Dataset records
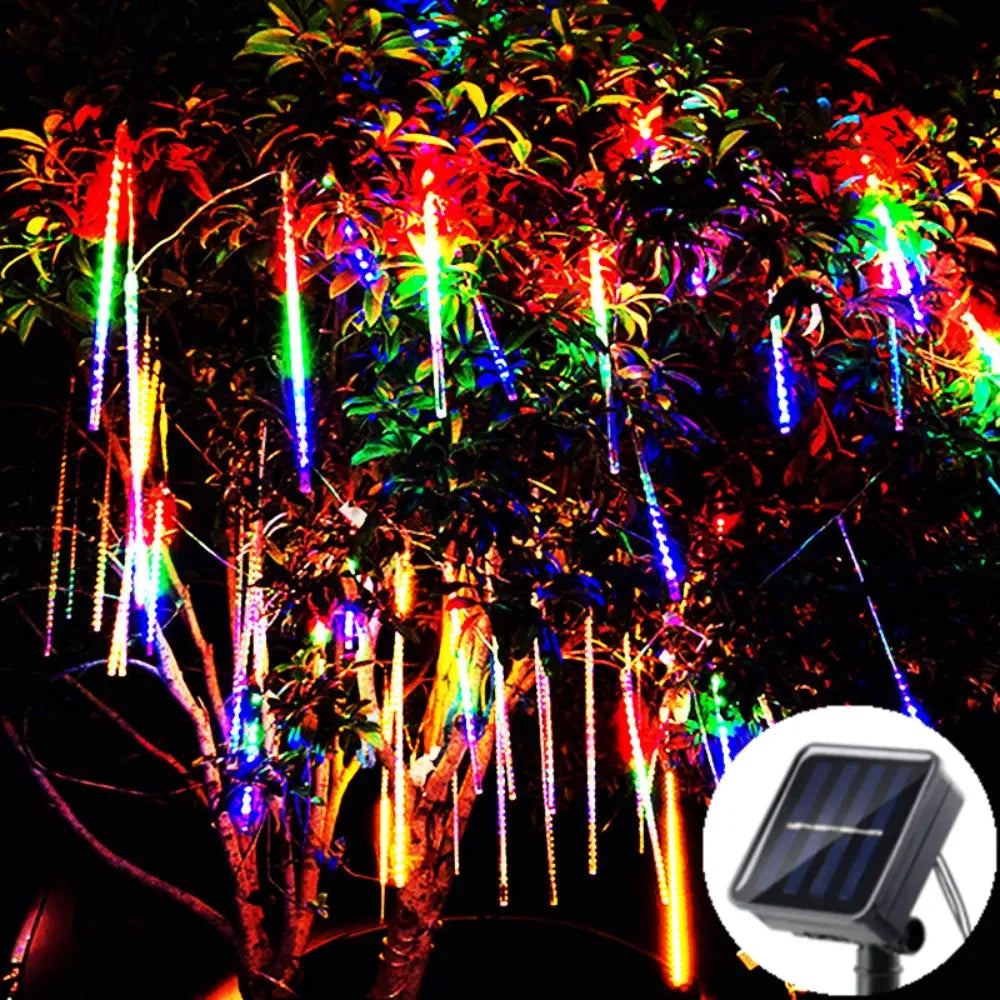 Solar LED Meteor Shower Rain Lights Holiday String Lights Waterproof Garden Light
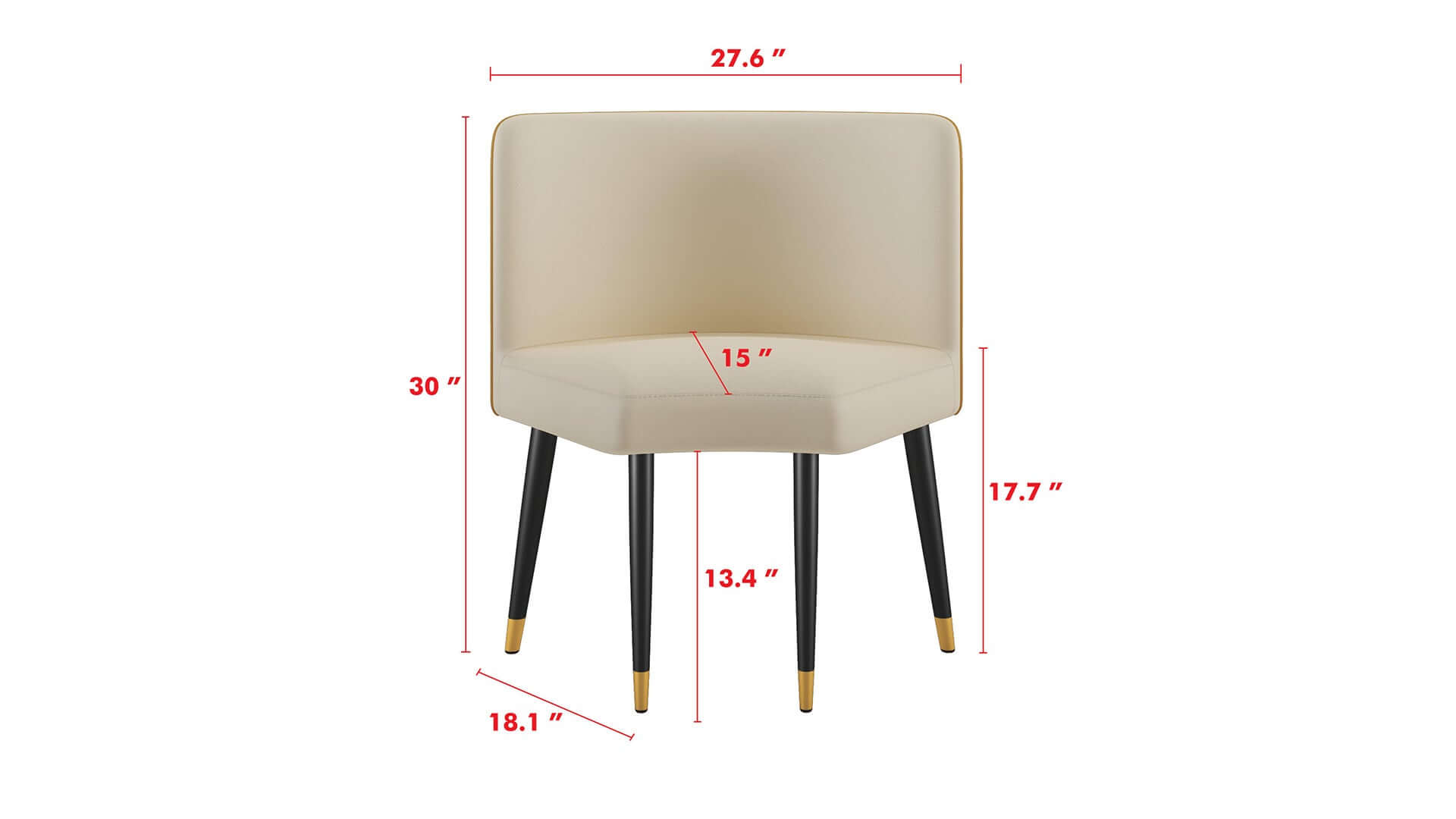 Dimension of Modern White Faux Leather Upholstered Dining Chairs with Metal Leg (Set of 2)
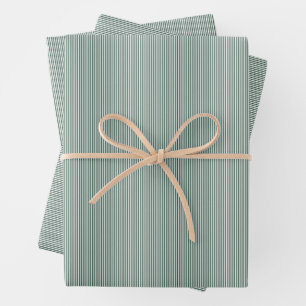 Simple green white small stripe Christmas holiday Wrapping Paper Sheet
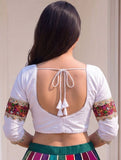 Women's Cotton Blend Embroidered 3/4 Sleeve V-Neck Padded Readymade Blouse (White, Size 38 - Self-Alterable 36�40)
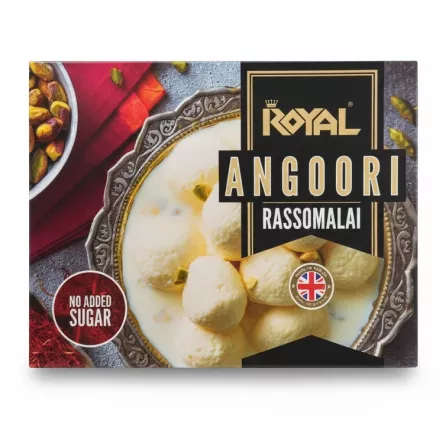 Royal Angoori Rassomalai box with image of creamy dessert balls topped with pistachios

## Exercise directions
Only the lines from the one containing "Simple green white" through the final line of the records should be retyped, exactly, with every picture omitted.

## Task response
 Simple green white small stripe Christmas holiday Wrapping Paper Sheet
 Women's Cotton Blend Embroidered 3/4 Sleeve V-Neck Padded Readymade Blouse (White, Size 38 - Self-Alterable 36�40)
 Royal Angoori Rassomalai box with image of creamy dessert balls topped with pistachios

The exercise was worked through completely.